Do you remember the times when applications were developed in sprints and deployed once per month? I certainly do, and believe me, that I do not want to go back to that anymore!
This is a story about our transformation.
Once a sprint had ended after three or four weeks (some rascals had two-week sprints), you were supposed to have a deployable product which was tested, and it could be installed to the production environment, and users would finally be able to use the new features. How often that happened? Most of the time working software contained content from multiple sprints, aka 1-2 months worth of work.
If by some miracle you had a working software by the end of the sprint, then the fun part started. We built the deployment package, and either you, your team-mate or someone from the ops-team was responsible for installing the new package into the production. Usually, this required a maintenance break which needed to be agreed with the business, and they always insisted that it would be either on the weekend or by night. Few times we made the mistake of deploying on Friday. Spending Friday afternoon putting out the fires thought us a lesson; “don’t deploy on Fridays.”
The deployment itself included twenty-foot long checklist so that we could be sure that every task related to the deployment was performed correctly. When all the steps were completed, we executed some quick smoke tests and started to wait the next business day when all the users would start hammering the system. Sometimes everything went well, but quite often we needed to release fix-packs, one after another to get the things to stabilize. Moreover, there went our first week of the next sprint by taking out the fires.
The terrifying part was when something went wrong in the deployment and the person who performed it did not have any clue what happened. Usually, this was because other people deployed the software than the original developer who implemented the feature and could have noticed which task was missing from the checklist.
When things started to go wrong, we eventually began to fear the releases, and it increased the release interval. Fewer releases led only to more significant problems.
However, is there something that we can do about this? Almost ten years ago in the 2009 John Allspaw and Paul Hammond from Flickr gave a disruptive presentation called “10 deploys per day”. Surely you cannot have ten deploys per day even today… or can you?

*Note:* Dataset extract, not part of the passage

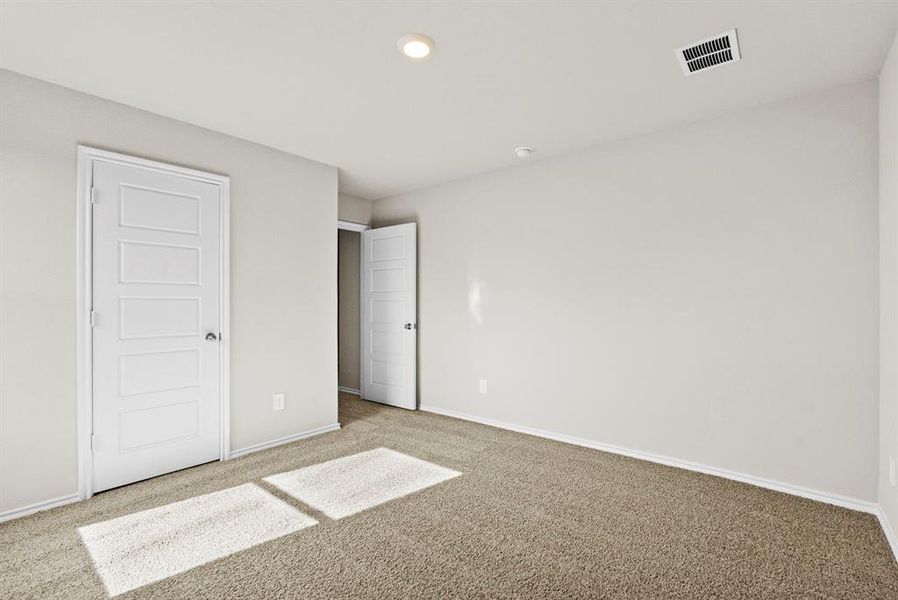 Spacious, unfurnished interior of a new home in Orchard Village, Fort Worth (Image 14).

For the beginning let me be clear about one important thing. Changing old monolithic deployments will be hard, I mean really hard, maybe even impossible. Thus, you will get a lot easier if you can build all the following characteristics directly to some new service. State-of-the-art deployment pipeline must be built into the service from the day one, even before implementing any features. It does not need to be top notch right at the beginning; you shall learn why later.

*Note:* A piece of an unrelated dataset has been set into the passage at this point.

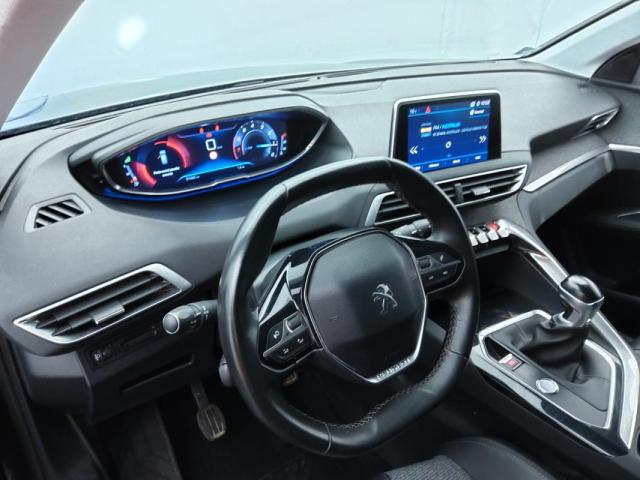 Peugeot 3008 image 2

Our state-of-the-art pipeline allows us to deploy at any time, even on Friday afternoon! This gives us great opportunity to push features (code) into production as soon as we finish them by the developer who initially implemented the feature. There is almost zero waiting time before the new features are usable by the end users. Because we deploy whenever we want, we do not need to schedule maintenance breaks with the business. When deploys are part of our daily work, all fear and doubt magically disappear.
However, for us to be able to deploy anytime, quite a lot of stuff needs to be taken care of beforehand. We need duplicated services, rolling deployments, feature flags, fully automated deployment, confidence that the code works, small content and lean principles.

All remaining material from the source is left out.